Por
  • Luisa Miñana

La caldera del volcán

La caldera del volcán
La caldera del volcán
Pixabay

Quería compartir mi preocupación ante las cancelaciones institucionales caídas sobre hechos culturales durante los últimos meses en nuestro país, porque entiendo que no constituyen únicamente una quiebra de la libertad de expresión, parapetada tras justificaciones tan variadas como ilógicas en sus contextos, sino que también aparecen como una manifestación evidente de gratuita ira (enojo y venganza) hacia lo otro (lo extraño, no conocido).

Quería hablar de ello, porque la libertad de expresión y el ejercicio de la cultura en libertad es el termómetro primero del buen o mal estado de salud de las democracias, ya que la cultura –como afirma Zygmunt Bauman (‘Ceguera moral’)– podría definirse como el esfuerzo permanente y siempre inacabado por hacer habitable la vida, y especialmente el de todas aquellas pequeñas y anónimas –o casi– creaciones diseminadas entre diferentes colectivos (en palabras de Michel de Certeau), que fortalecen el esqueleto social y favorecen la digestión de las diversas propuestas y objetivos. Por eso, dándole vueltas a esta preocupación –que ojalá sea compartida por cuantos más de ustedes mejor– creo que ya no es posible delimitar al ámbito cultural el daño que puede llegar a causar canalizar hacia ‘el otro’, anulándole y negándole la existencia, la ansiedad e incertidumbre que circula por todo el sistema nervioso de nuestro presente.

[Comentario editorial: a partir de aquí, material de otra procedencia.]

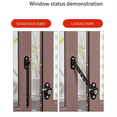 thumbnail image 5 of Window Stopper Lock Window Positioning Stop Home Security Door and Window Sash Lock Baby Protection White, 5 of 5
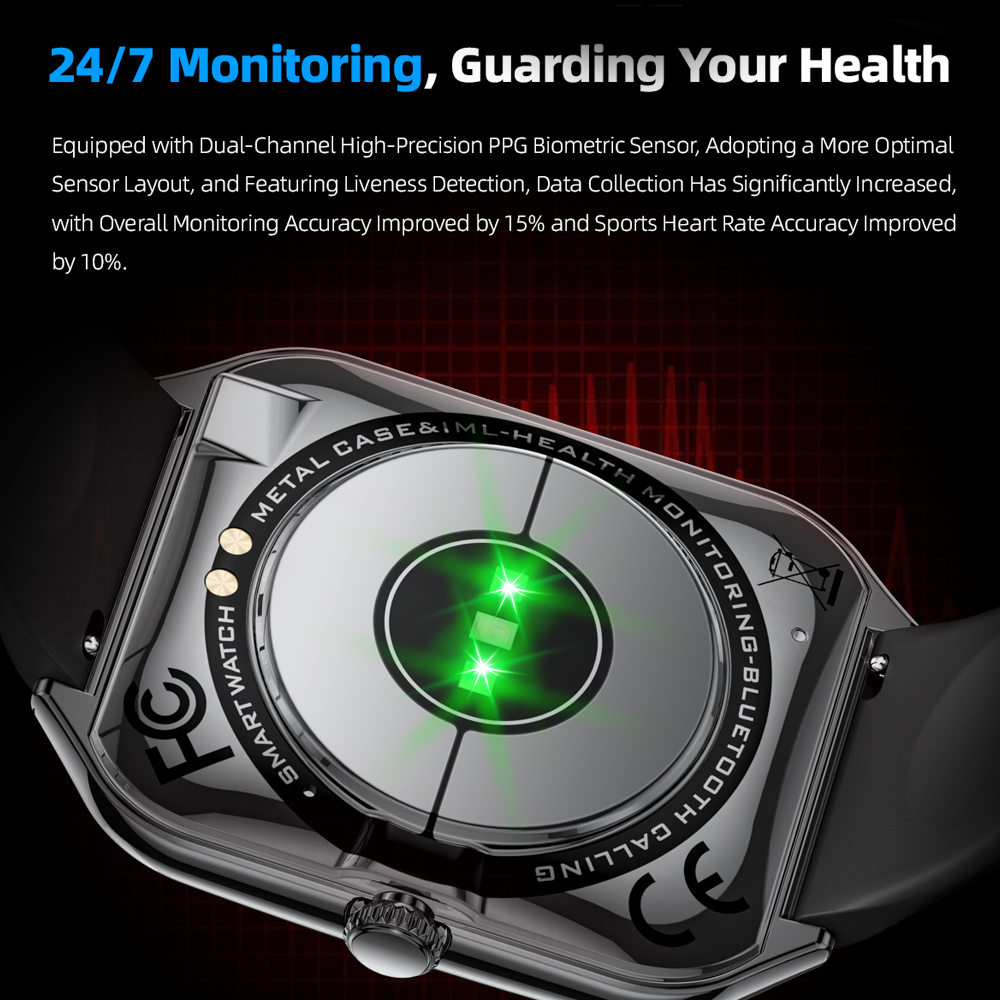 Novo esporte ao ar livre smartwatch masculino 1.96 "tela amoled sempre mostrar tempo ai voz monitor de saúde à prova dwaterproof água bt chamada smartwatch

La censura, la cancelación y negación del otro, es, como entendía Kant, la manifestación de una crítica ejercida mediante la fuerza y la imposición. Explica Hanna Arendt (‘Sobre la violencia’) que poder y violencia son opuestos absolutamente. Para la pensadora alemana, el ejercicio del poder deviene del consentimiento y la unión de la colectividad, que en las democracias modernas está formada por el conjunto de todos los ciudadanos, en quienes reside la soberanía popular, y cuyos fines, aceptados como propios por cada individuo, son los que determinan las directrices y límites de dicho poder. A pesar de su exigua duración a lo largo de la totalidad del tiempo histórico, hemos experimentado desde hace mucho, en realidad desde la Antigüedad, que esta forma de pensar y organizar la convivencia es la única que nos puede mantener a salvo de la violencia, aunque nunca lo consigamos al cien por cien. Sin embargo, vemos ya desde hace años aumentar las erupciones violentas y los escenarios por donde se expande la ira: sobre países y poblaciones enteras, reventando las frágiles costuras de las instituciones y el derecho internacional; con diferente intensidad en las calles de Europa y de nuestro país; en la retórica de agresividad verbal y gestual que se ha instalado en el ónfalo de la estructura democrática, parlamentos y asambleas políticas; en muchos medios de comunicación y en las redes sociales.

La censura de actividades culturales que se está extendiendo debería inquietarnos, pues es un signo de quiebra de la convivencia democrática

Nos rodean demasiadas incertidumbres, sentimos demasiada impotencia ante el presente y también hacia el futuro y, como consecuencia, hemos perdido la confianza en el pacto entre ciudadanía y poder que supuso (al menos en Occidente) el Estado del bienestar, por el que sentíamos garantizadas libertad y seguridad. Nos estamos atrincherando con un efecto dominó difícil de frenar, porque el distanciamiento potencia, lógicamente, mayor desconfianza y miedo. En este sentido, me alarma enormemente la indiferencia que percibo en muchas personas no sólo hacia acontecimientos graves de nuestro presente, sino también hacia otras personas con las que nos cruzamos casi cotidianamente. Me alarma mucho la falta de empatía hacia las vidas de los otros, tan complicadas o más que las nuestras, que respiramos en el trasiego diario, la ausencia de gestos intercambiados, la pérdida de interés en el diálogo entre opiniones o para la resolución de los pequeños conflictos del día a día, el absoluto desconocimiento del vecino. Me alarma porque esta indiferencia es consecuencia, en buena parte, de una brutal osteoporosis cultural individual y colectiva provocada por una educación que –azuzada por las necesidades del poder económico– atiende sobre todo a una preparación tecnocrática y mecanicista, que soslaya las interrogaciones. Pero especialmente me preocupa porque esta indiferencia es una forma de cancelación y negación mutua entre las personas, el nido donde se incuba el huevo de la ira y el dragón de la violencia. La caldera del volcán.